Welcome to Film & Fiction, where we compare books to the movie adaptations even though we really shouldn’t! This time I’m going to talk about the book Chocolat by Joanne Harris (you can read my book review here) and the movie Chocolat (2000) directed by Lasse Hallström. This post may contain spoilers, for both the movie and the book! Be warned! (By the way, this is not really a review post, but more my rambling thoughts on the adaptation.)
First of all, I need to mention that Chocolat is one of my favorite movies. I’ve seen it and endless amount of times because it’s such a sweet and nice thing to watch when you’re feeling under the weather (which I am, quite often). But I had never read the book, so I thought it high time to do so and I was really, really surprised with how different it was from the movie. Not just because it was a different medium, but the entire tone and setting had changed!
The thing that surprised me most was that in adapting the story to a movie, they placed the plot in an entirely different decade. The book is set in the 90s (I guess, because they talk about VHS tapes), but the movie is set in 1959. Now I have to admit, I do get why they would make a choice like that, because that sense of stifling oppression from the church (which is a very present theme in the book) makes more sense (to a 2000s audience) if it’s set in the 50s than when it’s set in the 90s. At least that’s my theory.
Something that was also strangely different, were the two main characters, Vianne (the chocolat shop keeper) and Reynaud (the priest). Vianne is a much more realistic and much less romantic character in the book. She’s definitely less sure of herself, has more difficult emotions and struggles much more with her fears. In the movie, she gets a romantic background, rather than the troubled past she has to struggle with in the book. It makes for a less complex character, but it also makes the tone of the story much less dark.

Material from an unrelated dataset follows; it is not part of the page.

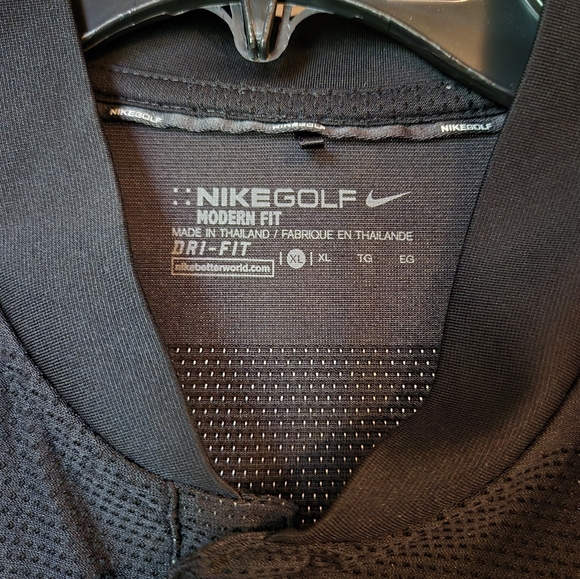 NWOT Men's Black Nike Golf Modern Fit Dri-Fit Golf Shortsleeve Shirt Size XL - Picture 3 of 4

A lot of the dark undertone of the book comes from Vianne’s struggle with her past, and that’s completely gone in the movie, that actual depth of human darkness and twistedness.
Besides that, all of the magical realism (her ability to get an idea of people’s thoughts, is diminished to her uncanny ability to guess people’s favorite chocolat, which I thought was a bit of a shame. However, the type of magic used in the book would be really difficult to convey in film because it’s basically just another sense and she never talks about it with other characters.
Another way in which the movie is a lot less dark than the book is through the character of Reynaud. In the book, Reynaud also gets a POV for some chapters and we hear his thoughts and musings as he talks to his comatose father. He struggles with his own dark thoughts and traumas and we get to see how twisted he is in many ways. It really lays bare how strange and dark humans can be, and how they can get twisted under pressures. In the movie, all of this is smoothed out, till all there’s left of the troubled and dangerous priest is a middle-aged man who misses his wife. He isn’t even a priest anymore, but a mayor (I think) which I find a very interesting choice. They wrote in a new character to play the priest, who is a very kind and a little naive young man, perhaps not to offend people and to avoid setting the Church in a bad light. It changes the whole idea of where the pressure put on this village comes from. Rather than from a tradition of centuries of religion used to oppress people, it stems from a misguided man who tries to distract himself from the fact that his wife has left him. It makes all he does so much more forgivable.
I just remembered that another character is written completely differently, which is Armande Voizin’s daughter. In the movie Caroline keeps her son away from her mother because she is overly cautious after her husband’s death, and is angry at her mother for not treating her diabetes properly. She’s just a worried and scared woman who is trying to protect herself, even if it means shutting everything and everyone out. It’s a little heartbreaking. But in the book, she’s only interested in how her mother’s ‘scandalous’ behavior reflects upon her and if she will ever get her inheritance. It’s a much darker and much colder character, and there’s nothing redeemable about her.
The conclusion is that in the movie most of the characters’ evil completely stripped away and what is needed for the plot is changed just so it is redeemable, because they are just sad or afraid and actually do really mean well – rather than the dark and selfish people they are in the book. It results in a much less dark story, more in a bitter-sweet kind of feel-good movie. But also the characters have less depth and less realism and are just less interesting because of all that.
Honestly, I enjoyed the book as well, and they’re both amazing in their own way, but they are very, very different in tone and mood.